Gepubliceerd op 16-11-2020

Geelbek Frijter Geelbek-frijter

betekenis & definitie

Oude namen voor de Frater ← in NV IV 1809 resp. Albarda 1897.

Het eerste deel duidt op de gele bek (=snavel) die deze soort heeft als hij de Lage Landen in het winterhalfjaar bezoekt (in de broedtijd is de snavel bruingrijs).

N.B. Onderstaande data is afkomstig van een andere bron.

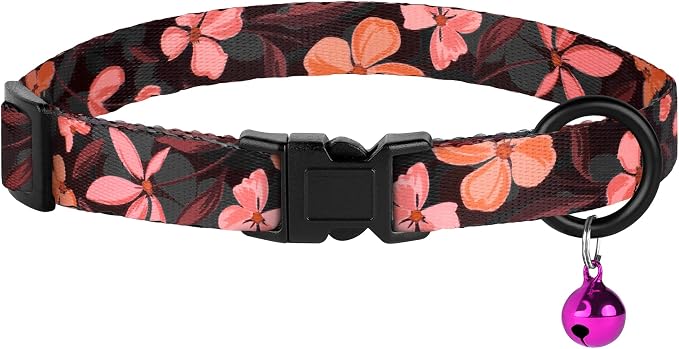 Cat Collars 2 Pack - Image 8
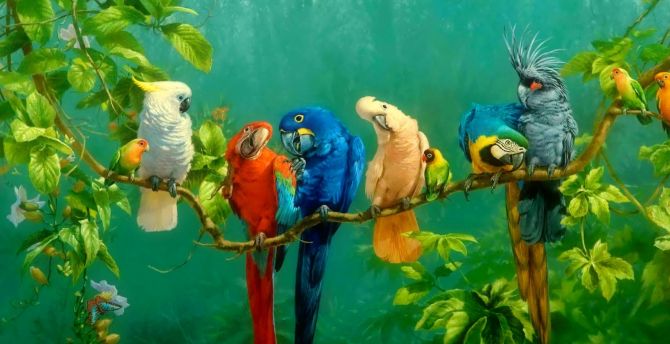 Parrot, birds, art, colorful wallpaper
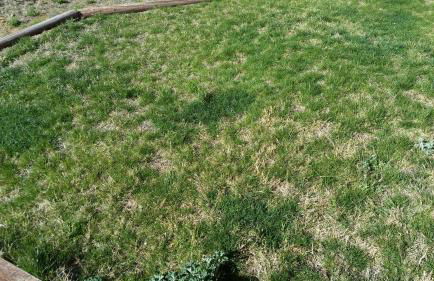 Chisolm Trail Villa - Foto 27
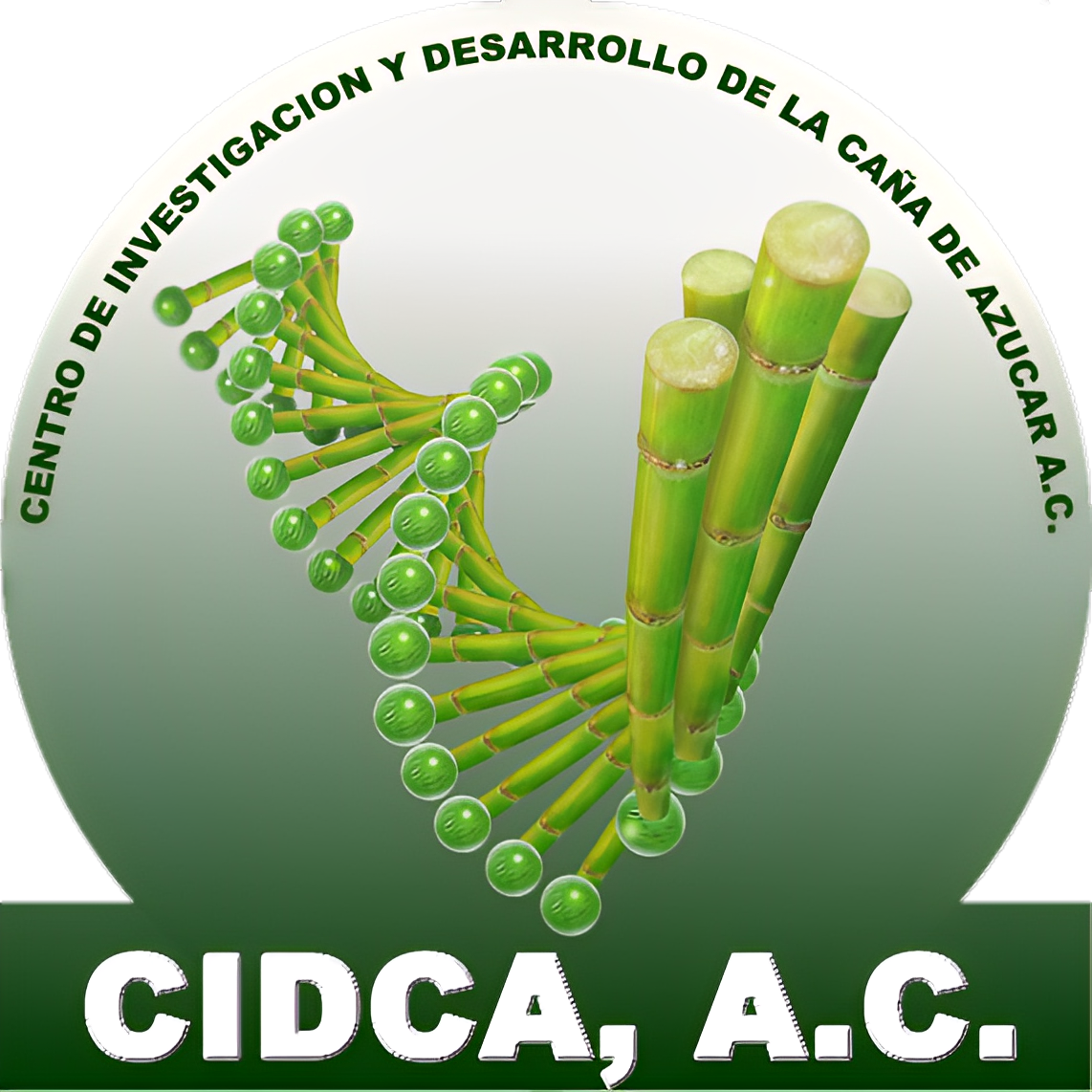 Logotipo de CIDCA A.C.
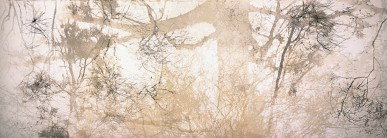 Dianne Tanzer Gallery & Projects - Accommodation NSW 3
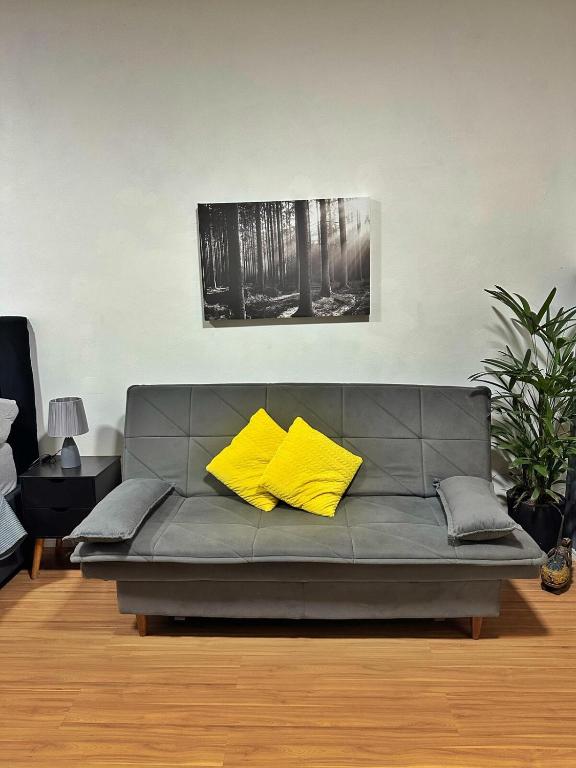 Hius 529, completely renovated, Rio de Janeiro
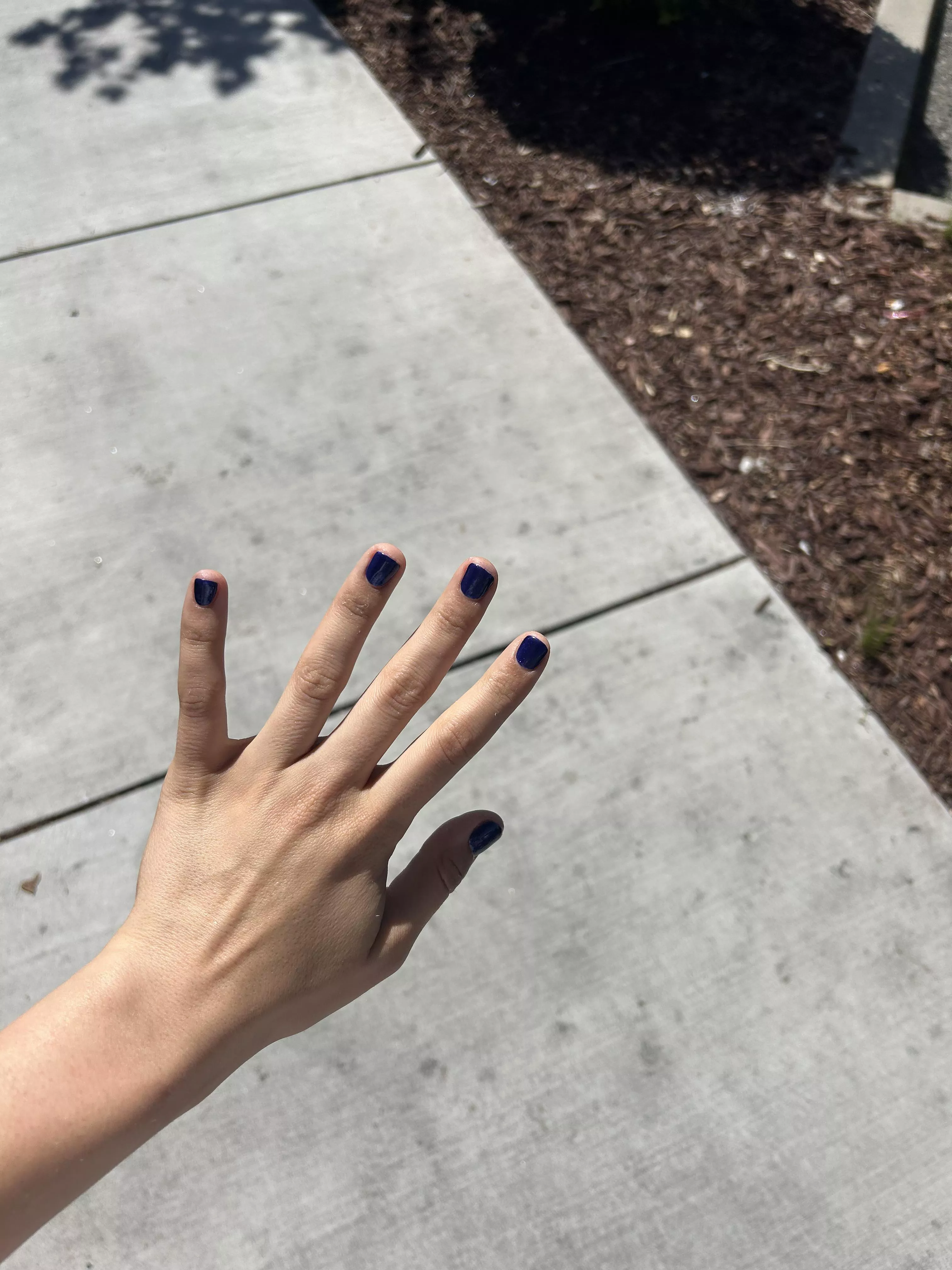 what do y'all think? posted by ShiftAccomplished579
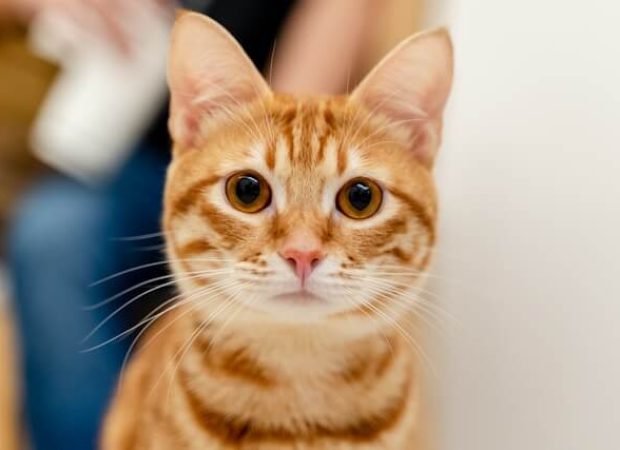 sam chang 5 ckjyvtzqw unsplash (1)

Voor het tweede deel van de naam zie Frijtertje.ETYMOLOGIE N geel <mnl geel (gelu =verbogen vorm; bijv. in de vlaamse volksnaam Geluwe Paardestaart ( = Gele Kwikstaart) in Emelgem (WVl)) <oudsaksisch gelu; ohd gelo (>gelb); oudengels geolu, geolw(>yellow); oudnoords gulr (>gul); <germ *gelwa; Lat gilvus, helvus (verwant zijn ook fulvus (geelbruin, goudgeel, rossig), falvus (>F fauve en Fauvette ← 'Grasmus'), flavus en fel 'gal'); Gr chloros 'geelgroen'; <idg *ghel, *ghlo (>N glans (zie sub Glanskop), >goud (zie sub Goudhaantje), gloeien, gloed, glimmen (vgl. E Glossy Ibis); wellicht ook via Gr yAauKÓg glaukós E Glaucous Gull 'Burgemeester'. Voor de etymologie van bek zie -bek.